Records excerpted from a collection
+ + +

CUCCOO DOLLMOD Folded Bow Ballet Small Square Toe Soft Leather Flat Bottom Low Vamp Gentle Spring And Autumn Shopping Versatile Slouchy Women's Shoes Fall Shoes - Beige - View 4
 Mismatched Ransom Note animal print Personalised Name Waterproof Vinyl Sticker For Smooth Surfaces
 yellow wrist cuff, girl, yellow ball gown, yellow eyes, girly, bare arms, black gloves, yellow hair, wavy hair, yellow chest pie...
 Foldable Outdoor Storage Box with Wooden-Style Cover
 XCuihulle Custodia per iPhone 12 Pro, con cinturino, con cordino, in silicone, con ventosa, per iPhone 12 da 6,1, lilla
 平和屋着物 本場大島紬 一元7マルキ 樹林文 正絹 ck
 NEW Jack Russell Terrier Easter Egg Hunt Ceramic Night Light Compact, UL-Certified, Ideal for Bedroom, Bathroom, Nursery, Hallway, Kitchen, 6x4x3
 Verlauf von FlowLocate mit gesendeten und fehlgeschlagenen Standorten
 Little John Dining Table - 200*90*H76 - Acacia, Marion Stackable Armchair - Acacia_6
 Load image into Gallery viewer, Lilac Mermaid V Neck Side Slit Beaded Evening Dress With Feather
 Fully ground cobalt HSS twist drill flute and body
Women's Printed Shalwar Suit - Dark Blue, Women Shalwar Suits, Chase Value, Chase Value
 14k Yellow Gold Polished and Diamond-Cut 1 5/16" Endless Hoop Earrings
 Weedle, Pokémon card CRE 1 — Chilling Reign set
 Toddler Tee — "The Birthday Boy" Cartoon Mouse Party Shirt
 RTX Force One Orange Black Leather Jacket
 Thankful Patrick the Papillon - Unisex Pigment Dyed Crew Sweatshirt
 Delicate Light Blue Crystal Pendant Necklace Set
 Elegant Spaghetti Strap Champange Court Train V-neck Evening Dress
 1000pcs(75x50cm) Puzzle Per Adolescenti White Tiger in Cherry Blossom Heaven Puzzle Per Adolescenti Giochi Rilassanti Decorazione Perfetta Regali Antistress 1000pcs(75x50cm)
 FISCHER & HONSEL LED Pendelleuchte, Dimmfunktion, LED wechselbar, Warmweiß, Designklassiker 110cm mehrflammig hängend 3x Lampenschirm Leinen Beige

+ + +

YOUR TASK
Having read the entries, output all of them verbatim.

TASK SOLUTION
CUCCOO DOLLMOD Folded Bow Ballet Small Square Toe Soft Leather Flat Bottom Low Vamp Gentle Spring And Autumn Shopping Versatile Slouchy Women's Shoes Fall Shoes - Beige - View 4
 Mismatched Ransom Note animal print Personalised Name Waterproof Vinyl Sticker For Smooth Surfaces
 yellow wrist cuff, girl, yellow ball gown, yellow eyes, girly, bare arms, black gloves, yellow hair, wavy hair, yellow chest pie...
 Foldable Outdoor Storage Box with Wooden-Style Cover
 XCuihulle Custodia per iPhone 12 Pro, con cinturino, con cordino, in silicone, con ventosa, per iPhone 12 da 6,1, lilla
 平和屋着物 本場大島紬 一元7マルキ 樹林文 正絹 ck
 NEW Jack Russell Terrier Easter Egg Hunt Ceramic Night Light Compact, UL-Certified, Ideal for Bedroom, Bathroom, Nursery, Hallway, Kitchen, 6x4x3
 Verlauf von FlowLocate mit gesendeten und fehlgeschlagenen Standorten
 Little John Dining Table - 200*90*H76 - Acacia, Marion Stackable Armchair - Acacia_6
 Load image into Gallery viewer, Lilac Mermaid V Neck Side Slit Beaded Evening Dress With Feather
 Fully ground cobalt HSS twist drill flute and body
Women's Printed Shalwar Suit - Dark Blue, Women Shalwar Suits, Chase Value, Chase Value
 14k Yellow Gold Polished and Diamond-Cut 1 5/16" Endless Hoop Earrings
 Weedle, Pokémon card CRE 1 — Chilling Reign set
 Toddler Tee — "The Birthday Boy" Cartoon Mouse Party Shirt
 RTX Force One Orange Black Leather Jacket
 Thankful Patrick the Papillon - Unisex Pigment Dyed Crew Sweatshirt
 Delicate Light Blue Crystal Pendant Necklace Set
 Elegant Spaghetti Strap Champange Court Train V-neck Evening Dress
 1000pcs(75x50cm) Puzzle Per Adolescenti White Tiger in Cherry Blossom Heaven Puzzle Per Adolescenti Giochi Rilassanti Decorazione Perfetta Regali Antistress 1000pcs(75x50cm)
 FISCHER & HONSEL LED Pendelleuchte, Dimmfunktion, LED wechselbar, Warmweiß, Designklassiker 110cm mehrflammig hängend 3x Lampenschirm Leinen Beige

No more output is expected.